Safety requirements change as children grow. Learn the basic facts for proper use of child safety seats.
- Infants — From birth to 1 year and less than 20 pounds, infants should be placed in rear-facing child safety seats in the back seat of the car. The harness straps should be at or below shoulder level.
- Toddlers — From 1 year and at least 20 to 40 pounds, toddlers should be placed in forward-facing child safety seats in the back seat of the car. The harness straps should be at or above the shoulders. Children who are less than 1 year but weigh more than 20 pounds should ride in restraint seats approved for higher rear-facing weights.
- Young children — Children more than 40 pounds but less than 4 feet 9 inches tall should be placed in forward-facing booster seats in the back seat of the car. Lap belts should fit low and tight across the thighs, and shoulder belts should fit snugly across the chest and shoulder to prevent abdominal injuries.
It is important to know that your child passenger safety devices are working properly at all times. For up-to-date notifications of the latest recalls on child safety devices, you can subscribe to RSS feeds and email notifications offered by the National Highway Traffic Safety Administration.
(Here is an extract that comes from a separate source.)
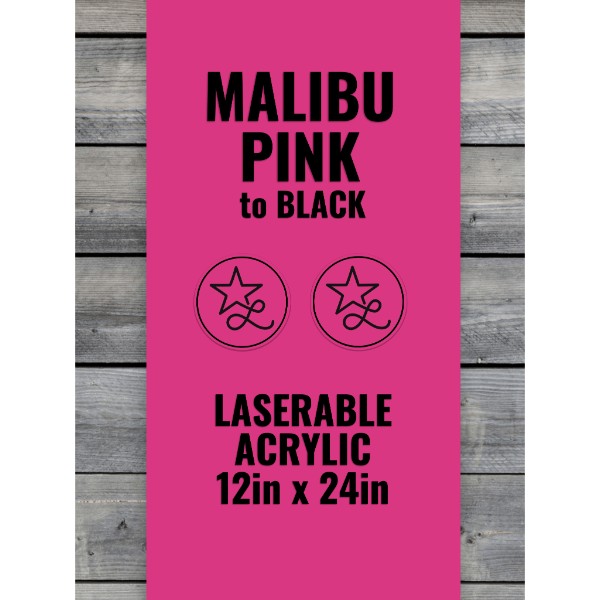 Malibu Pink / Black Laserable Panels (12"x24")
Child Passenger Safety Facts- Motor vehicle crashes cause about one of every three injury deaths among children, according to a 2002 report from the National Center for Injury Prevention and Control.
(Source: Insurance Institute for Highway Safety , 2003) - According to a 2003 report, 59 percent of children ages 0 to 4 were unrestrained when the driver of a passenger vehicle was unrestrained. When a driver was restrained, 80 percent of children ages 0 to 4 also were restrained.
(Source: National Center for Statistics and Analysis , 2003) - Car accident fatalities for children under 5 dropped from 706 in 2000 to 668 in 2001. The number of fatalities for children ages 5 to 15 dropped from 2,105 to 1,990 in 2001.